'11/7/8
非正規雇用から抜け出せず 11年版労働経済白書
1970年代後半生まれの「ポスト団塊ジュニア」の男性は、他世代に比べて非正規雇用から抜け出せない人の割合が高く、90年代から本格化した派遣社員など非正規拡大のひずみが集中した―。こうした世代論を展開した2011年版の労働経済白書を、厚生労働省が8日発表した。白書は職業訓練の拡充などを通じて、正規雇用への転換を支援すべきだと訴えた。
白書によると、バブル経済崩壊後、企業が進めた非正規拡大や採用抑制が、70年代以降生まれの雇用を直撃。特に70年代後半生まれの男性は、非正規の割合が10%台半ば付近に高止まりしたまま30代に達したと指摘した。
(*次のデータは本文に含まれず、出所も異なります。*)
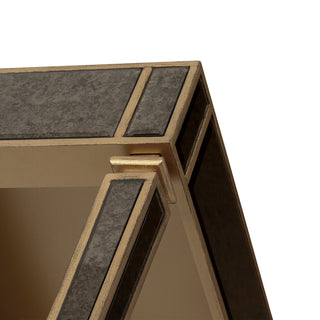 Antique Mirrored Console Table with Bronze-Toned Frame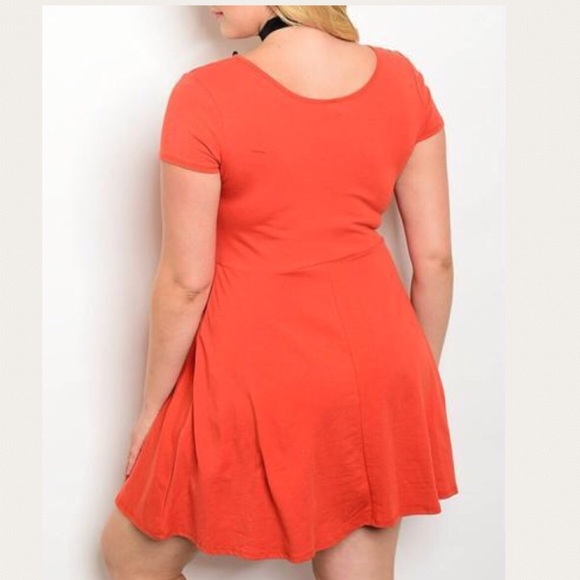 1X Plus Size Rust Orange Skater Dress - Picture 2 of 2
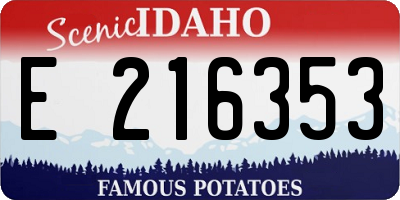 ID license plate E216353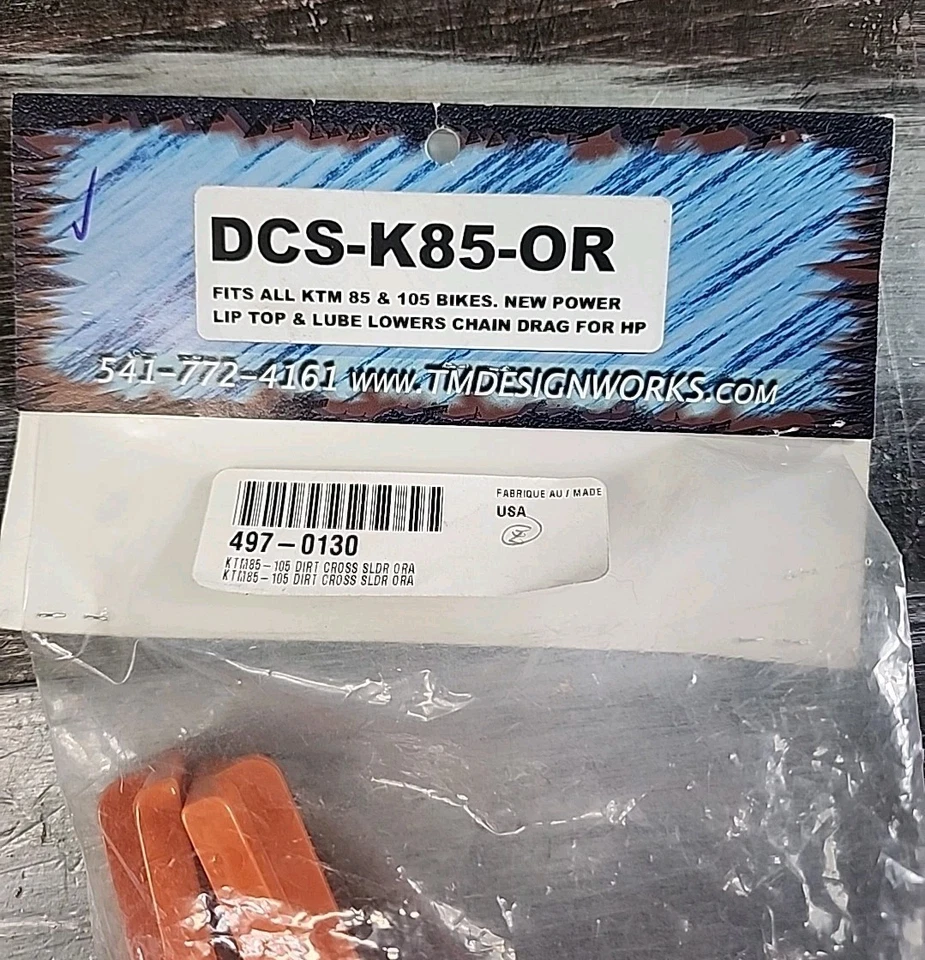T.M. Deslizante de cadena Designworks Dirt Cross Slider KTM 85 SX naranja DCS-K85-OR TC85 Foto 3 de 3
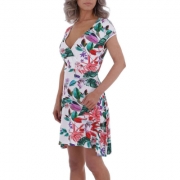 Rochie de vara imprimeu floral - alb dama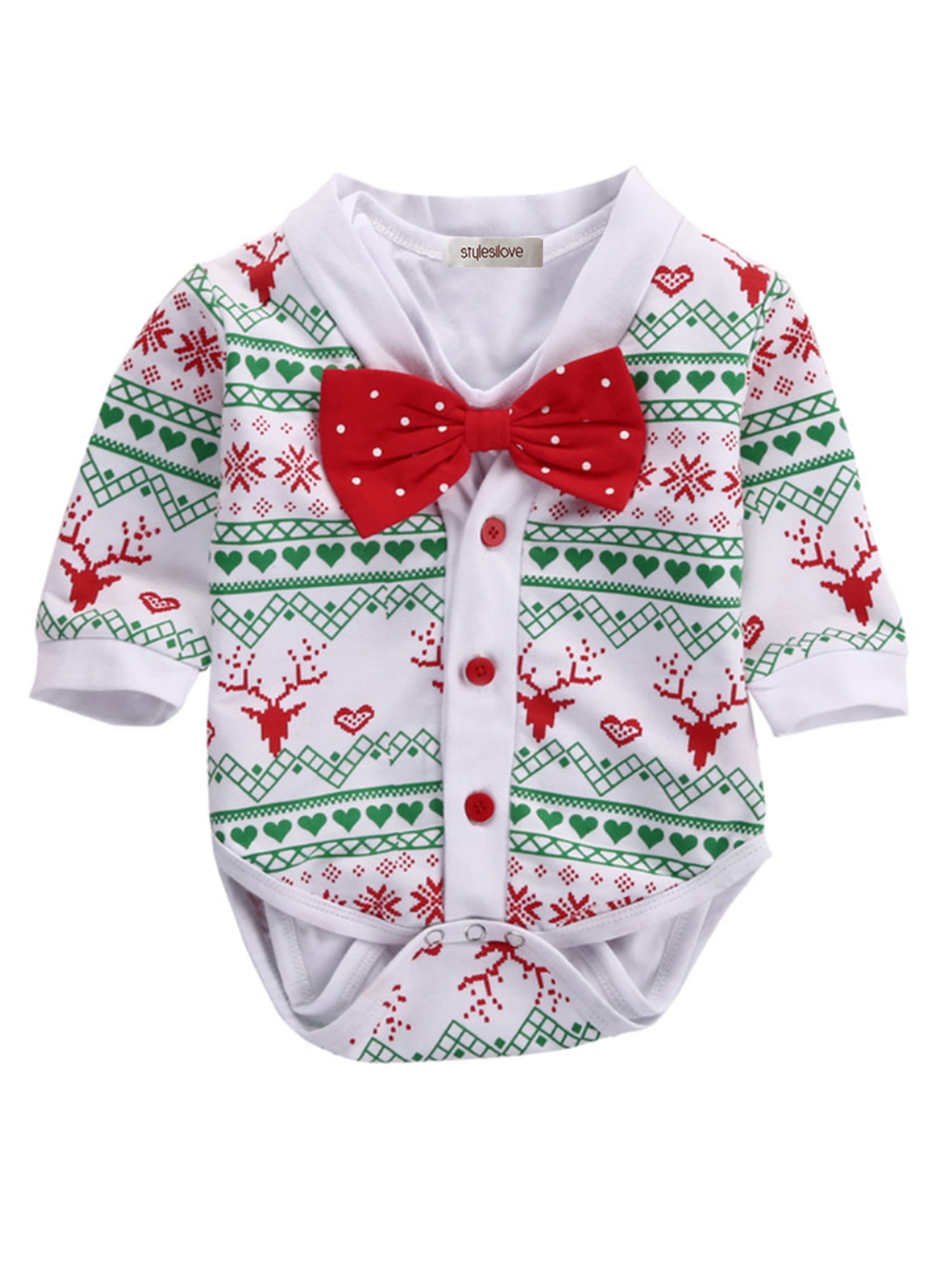 StylesILove Infant Baby Boy Jumpsuit with Red Bowtie and Holiday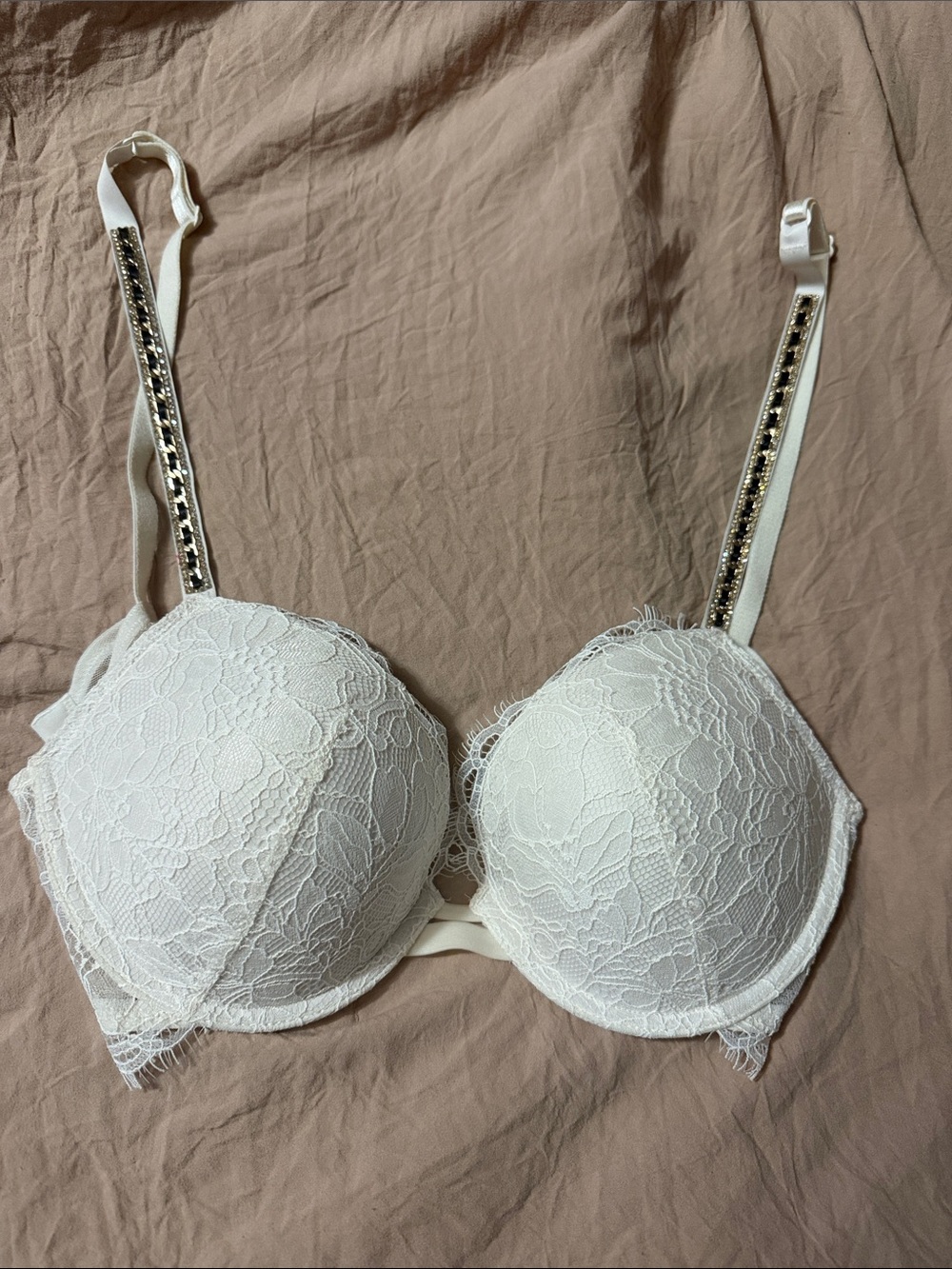 Victoria's Secret Cream Lace Push-Up Bra with Jeweled Straps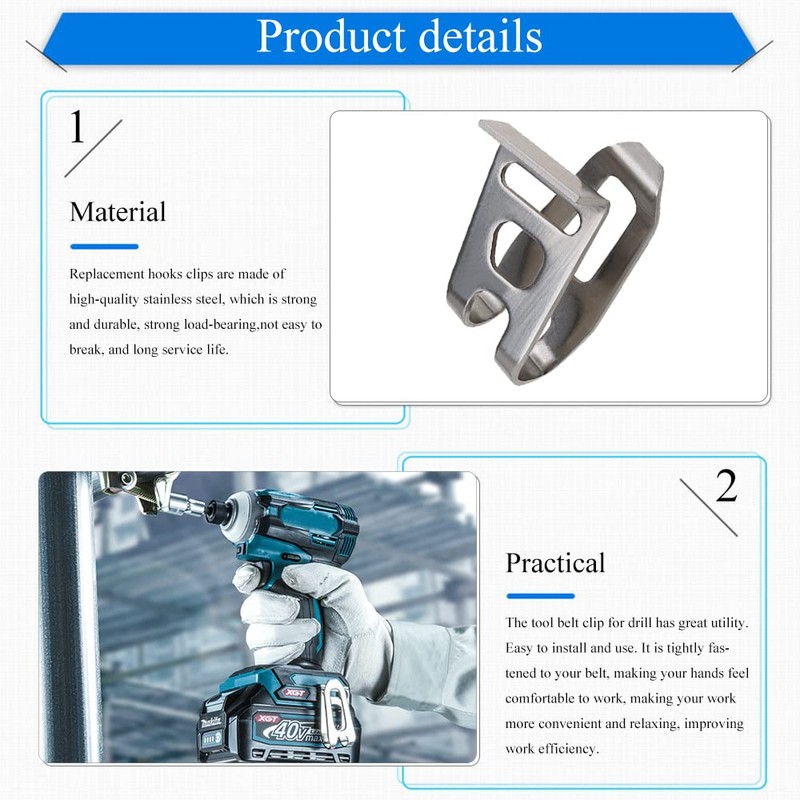 Neikafan 4 Pcs Electric Drill Belt Hook Clips with Screws,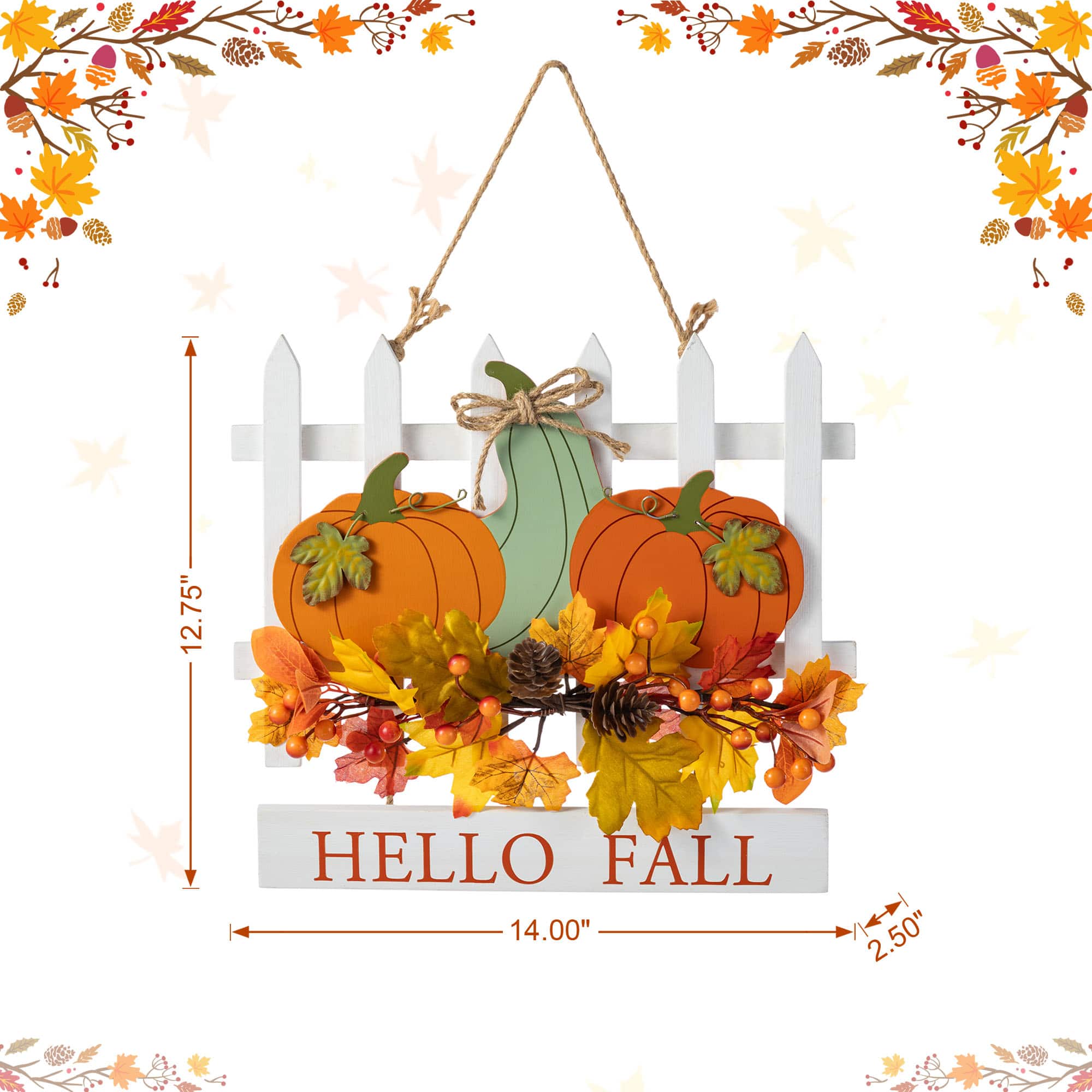 Glitzhome&#xAE; 14&#x22; Fall Wooden Patch with Floral Door Hanger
就職が「氷河期」に当たって「フリーター」などの形で社会に出ざるを得ず、その後も企業による非正規拡大の流れが続き、正社員転換が進まなかったと分析した。
70年代前半生まれの団塊ジュニアの男性は、非正規比率が低下。80年代前半生まれも20代前半で高かったが、2000年代の景気回復の恩恵を受け20代後半で大きく低下し、正規雇用が増えた。女性は男性に比べ非正規の割合が全体的に高く、明確な世代別特徴は見られなかった。
白書は、非正規雇用の人は「技能・賃金水準も低いままで、同世代の中でも格差が拡大している」と指摘。職業訓練の拡充や、訓練履歴などを記したジョブカードの活用で、正規雇用への転換を強力に支援するよう訴えた。